As shown in Fig. 3, the 3-F-K comprises seven successive reaction steps, i.e., (1) the formation of a molecular complex 6[3-F-K-IM4]2+ through the initial interaction of Ru-site with ketone carbonyl of LA, (2) a [2 + 2] addition at ketone carbonyl via four-membered cyclic 6[3-F-K-TS2]2+ through a [1,3]-H shift with Ru–H bond cleavage, (3) the molecular rearrangement between 6[3-F-K-IM5]2+ and 6[3-F-K-IM6]2+, (4) the ring-closure with C1–O bond formation via a seven-membered envelope 6[3-F-K-TS3]2+, (5) the molecular rearrangement between 6[3-F-K-IM7]2+ and 6[3-F-K-IM8]2+, (6) the formation of GVL with both C1–OH bond cleavage and Ru–OH bond formation through four-membered cyclic 6[3-F-K-TS4]2+, and (7) the release of GVL from 6[3-F-K-IM9]2+, leaving 6[RuOH]2+ hydroxide behind.
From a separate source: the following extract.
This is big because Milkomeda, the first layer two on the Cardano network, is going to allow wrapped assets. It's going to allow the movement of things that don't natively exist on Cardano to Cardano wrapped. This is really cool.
The 3-F-K includes the EHHP of 56.3 kJ mol−1 at 6[3-F-K-TS2]2+ and HER of 76.1 kJ mol−1 at the reaction step of 6[3-F-K-IM6]2+ → 6[3-F-K-TS3]2+ → 6[3-F-K-IM7]2+ for the ring-closure with C1–O bond formation.
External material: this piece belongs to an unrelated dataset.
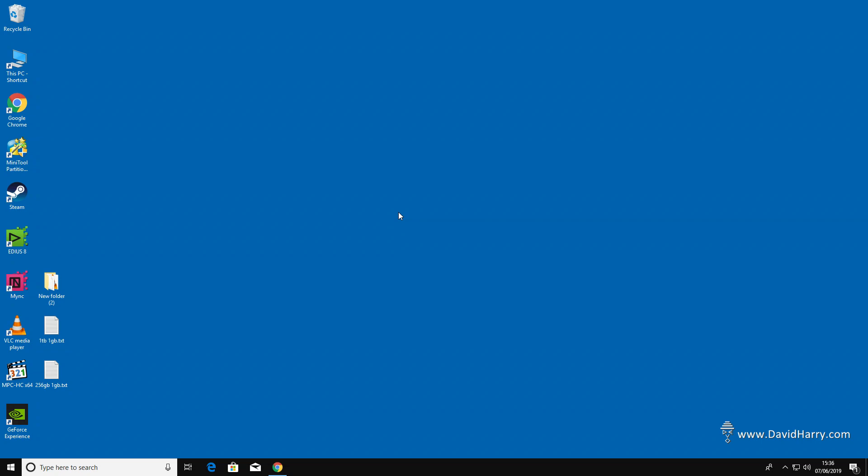All right, David Harry here. I'm just going to show you a quick example of editing from an external USB-C SSD drive.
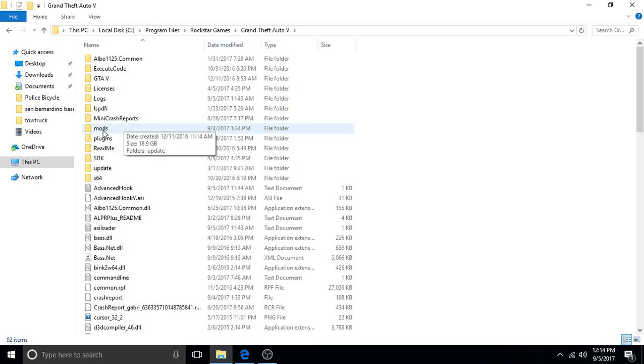What happens is either after the updates or after you don't do something correctly in your mods folder, often times the game won't start, it won't work.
Additionally, between 3-F-C and 3-F-K, the reaction pathway differs from (6[RuH]2+ + LA) to 6[3-F-K-IM6]2+, whereas the remaining reaction pathways from 6[3-F-K-IM6]2+ to (6[RuOH]2+ + GVL) are identical to each other. The 3-F-C from (6[RuH]2+ + LA) to 6[3-F-K-IM6]2+ involves two reaction steps, i.e., (1) the formation of a molecular complex 6[3-F-C-IM4]2+ through the initial interaction of Ru-site with the carboxyl carbonyl of LA, and (2) a [2 + 5] addition at ketone carbonyl via seven-membered cyclic 6[3-F-C-TS2]2+ through a [1,6]-H shift with Ru–H bond cleavage. The 3-F-C possesses the EHHP of 68.6 kJ mol−1 at 6[3-F-C-TS2]2+ and HER of 76.1 kJ mol−1 at the reaction step of 6[3-F-K-IM6]2+ → 6[3-F-K-TS3]2+ → 6[3-F-K-IM7]2+ for the ring-closure with C1–O bond formation.
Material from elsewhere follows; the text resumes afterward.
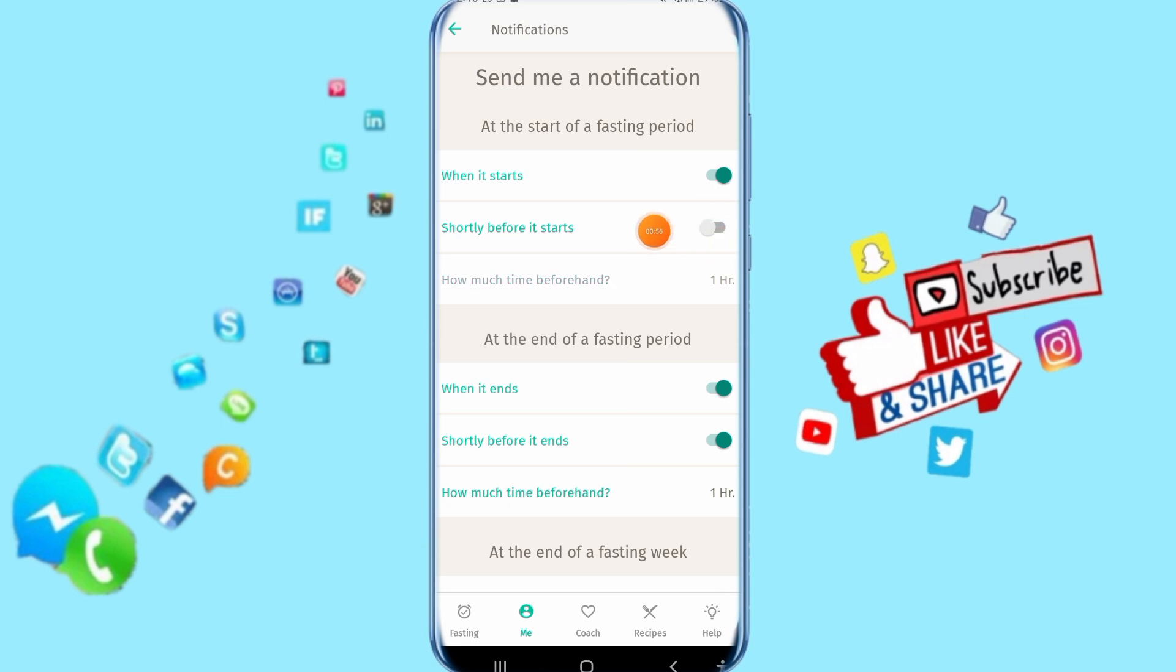That's all you have to do. Thank you for watching and don't forget to like and subscribe.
Compared with 3-F-C, 3-F-K is kinetically more favorable, owing to its lower EHHP (56.3 vs. 68.6 kJ mol−1). That is to say, for reaction stage (iii), the optimal reaction pathway kinetically proceeds through the initial interaction of Ru-site with ketone carbonyl rather than carboxyl carbonyl.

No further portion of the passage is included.